What the task requires:
Find the line with "Maison à SAINTE-GEMMES-D'ANDIGNE" in the records below. Output exactly from there until after the line with "Etagenwohnung Uder - 4", without pictures.

Source information:
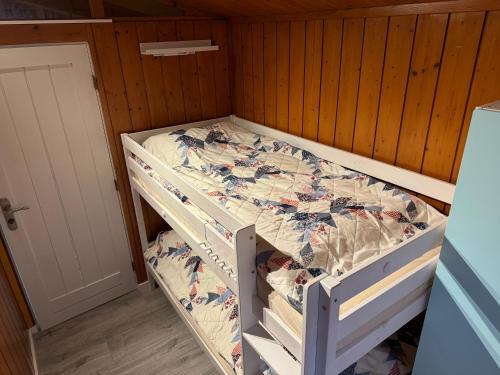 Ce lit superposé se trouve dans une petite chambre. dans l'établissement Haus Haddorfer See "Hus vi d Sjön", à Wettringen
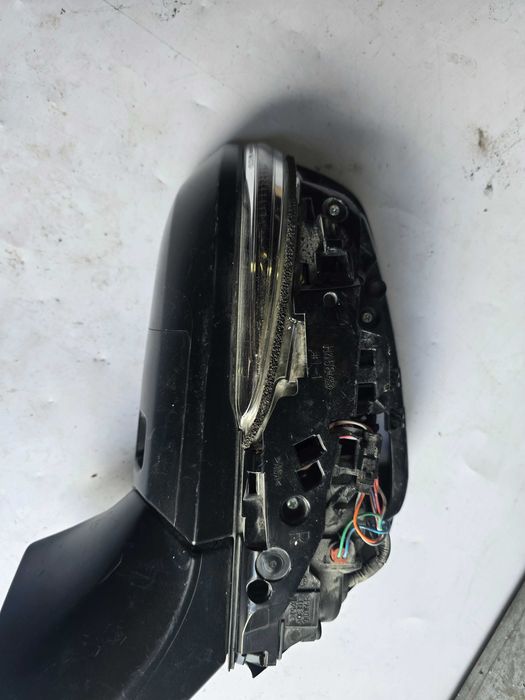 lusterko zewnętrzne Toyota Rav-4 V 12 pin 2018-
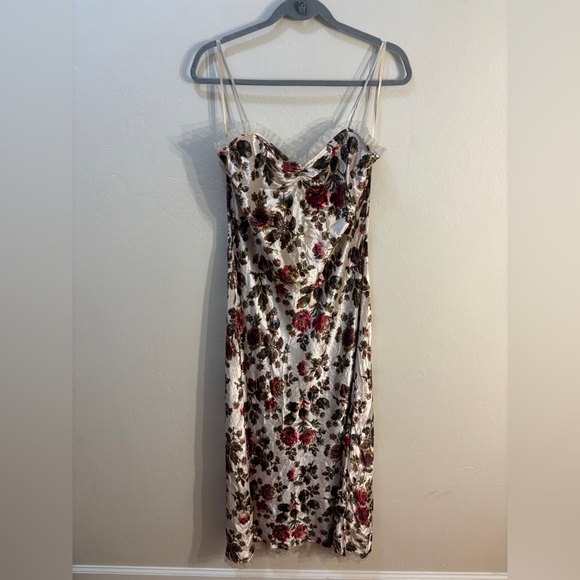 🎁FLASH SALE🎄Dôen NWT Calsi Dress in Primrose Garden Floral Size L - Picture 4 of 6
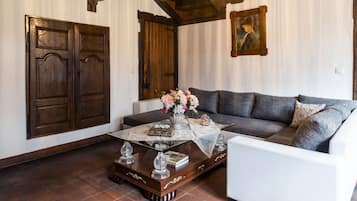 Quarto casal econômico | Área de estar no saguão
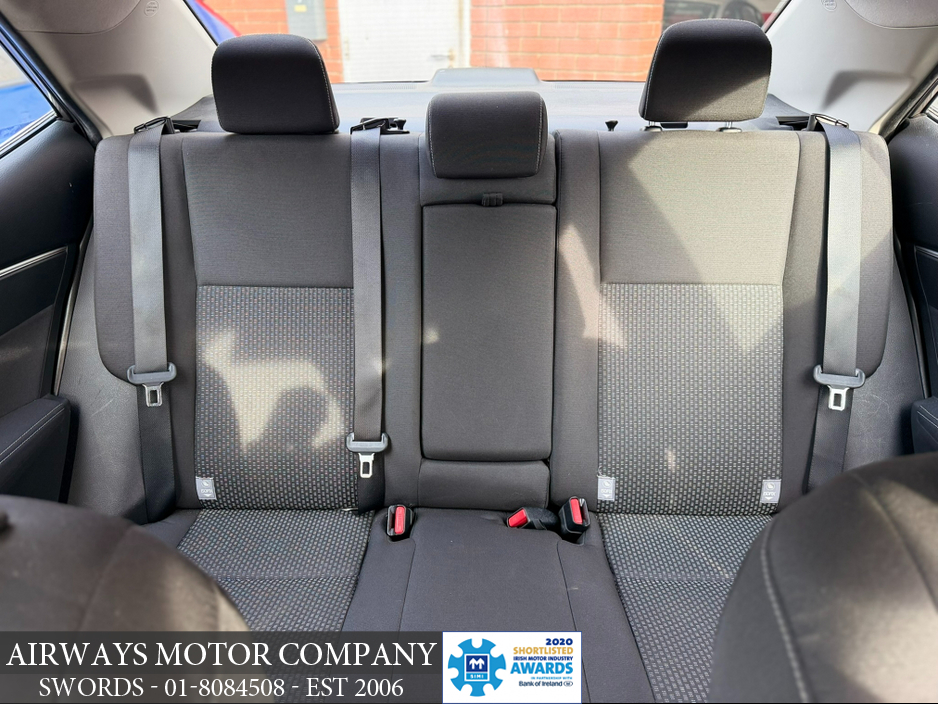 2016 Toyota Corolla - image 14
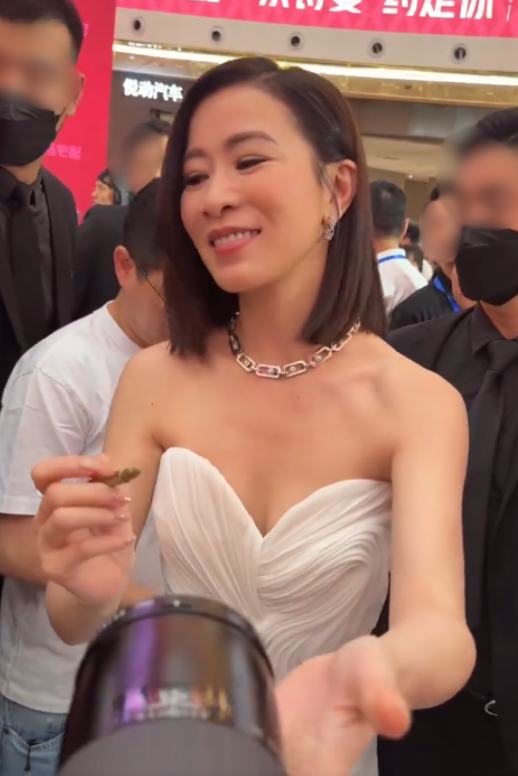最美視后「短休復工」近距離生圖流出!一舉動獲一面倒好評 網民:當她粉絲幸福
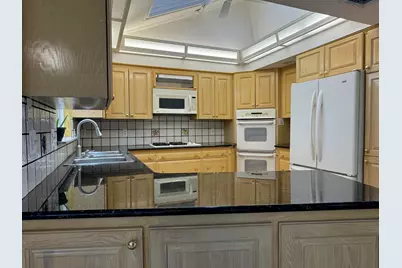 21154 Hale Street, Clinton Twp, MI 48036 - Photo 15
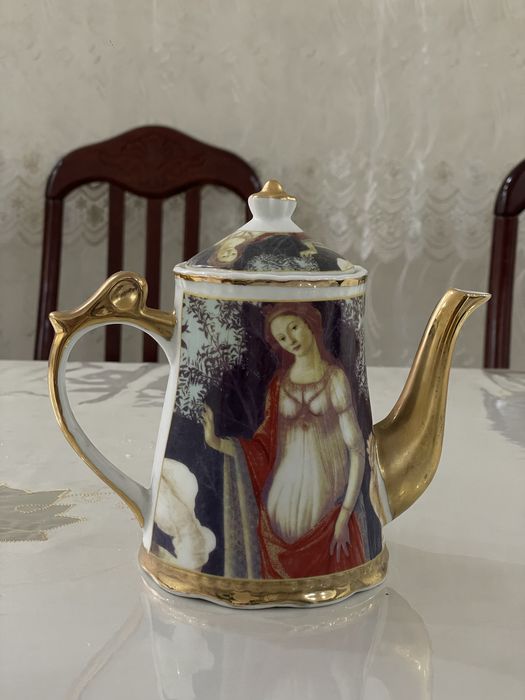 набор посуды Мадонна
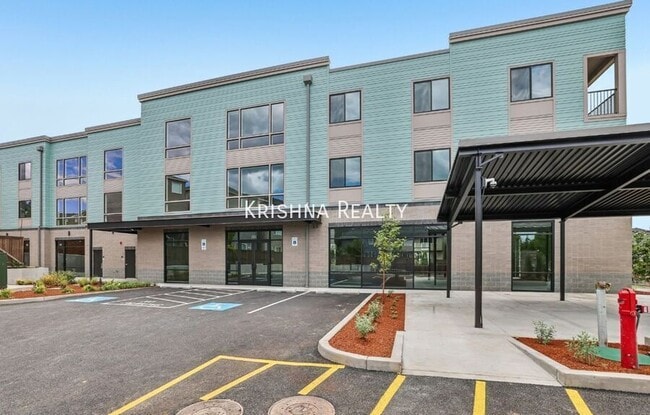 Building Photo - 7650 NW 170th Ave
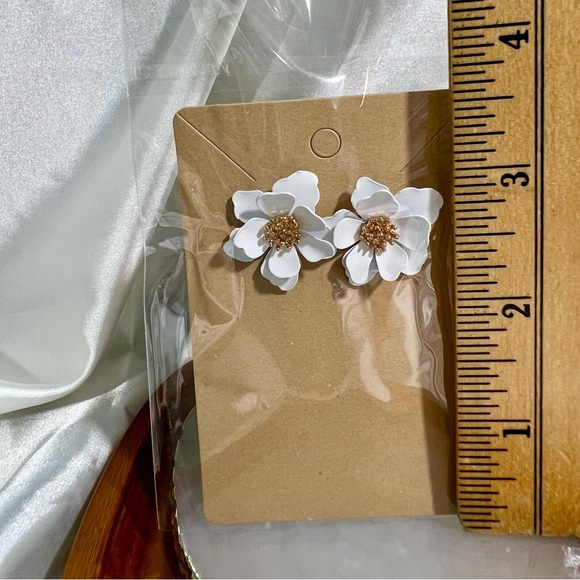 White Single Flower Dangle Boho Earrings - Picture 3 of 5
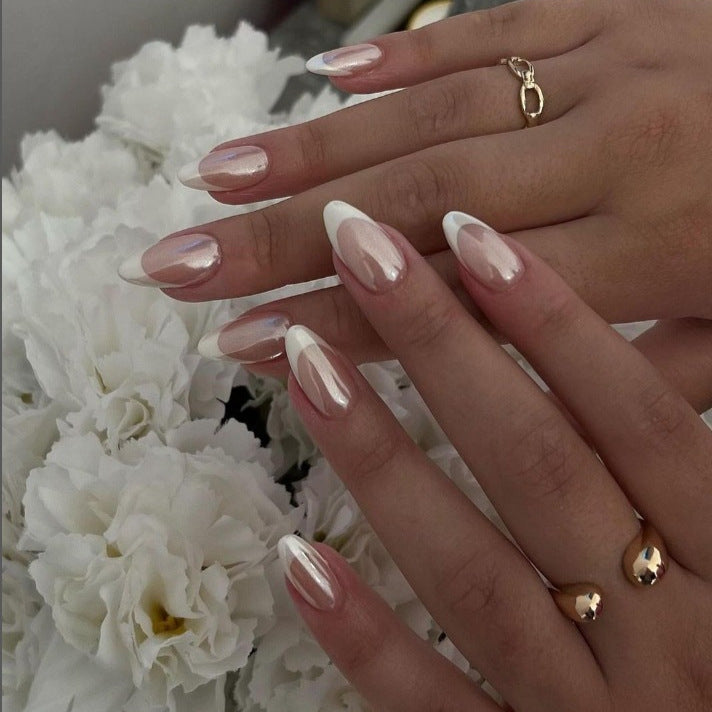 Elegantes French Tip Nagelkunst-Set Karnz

--

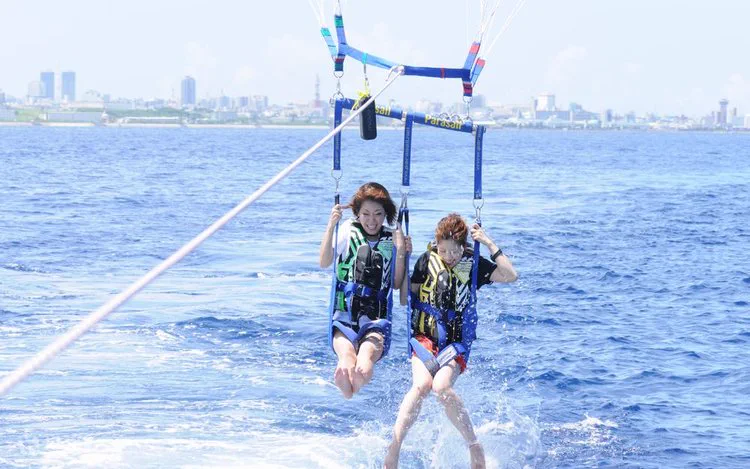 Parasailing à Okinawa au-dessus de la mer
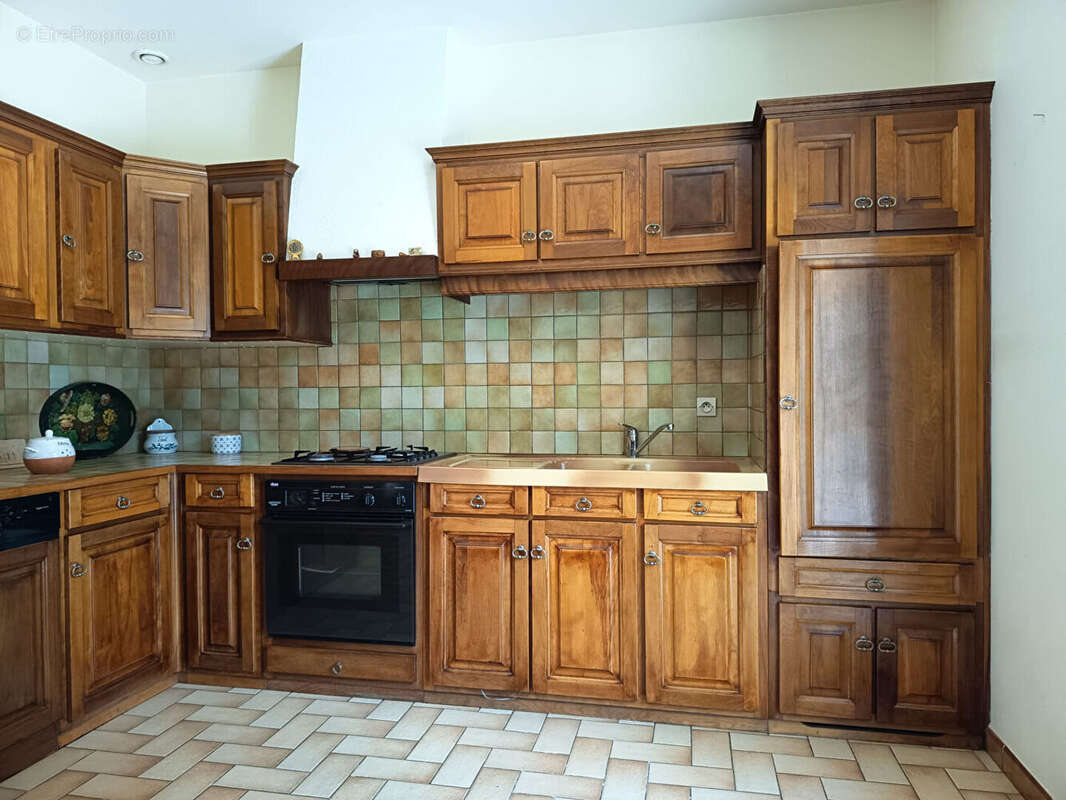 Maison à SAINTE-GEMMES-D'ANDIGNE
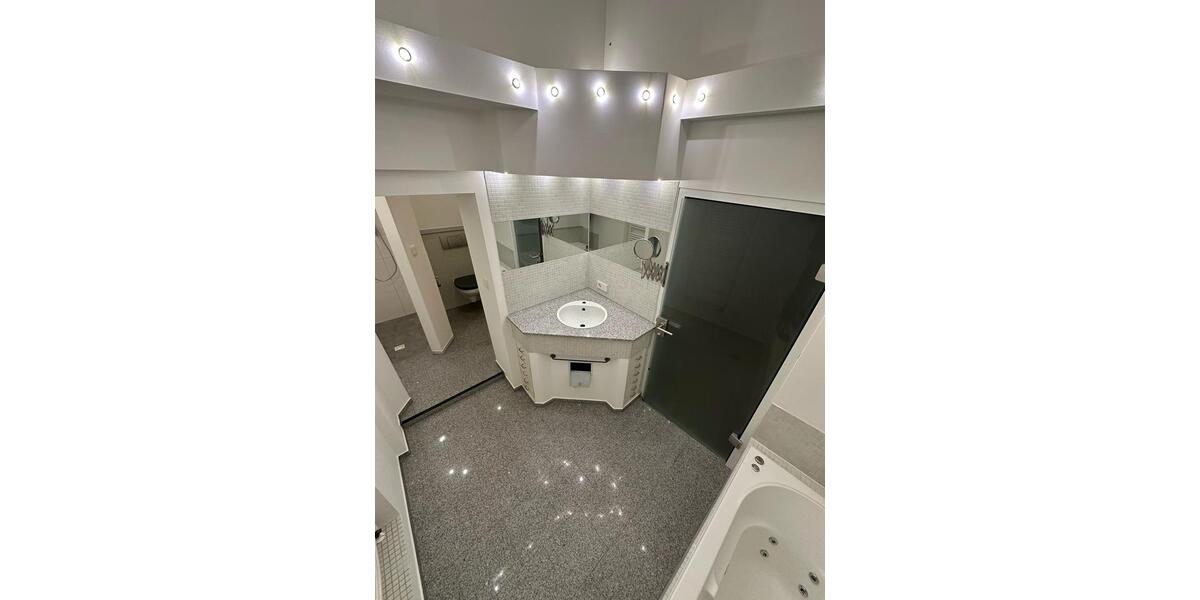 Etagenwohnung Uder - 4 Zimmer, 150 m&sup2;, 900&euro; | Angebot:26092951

Solution for this exercise:
 Maison à SAINTE-GEMMES-D'ANDIGNE
 Etagenwohnung Uder - 4 Zimmer, 150 m&sup2;, 900&euro; | Angebot:26092951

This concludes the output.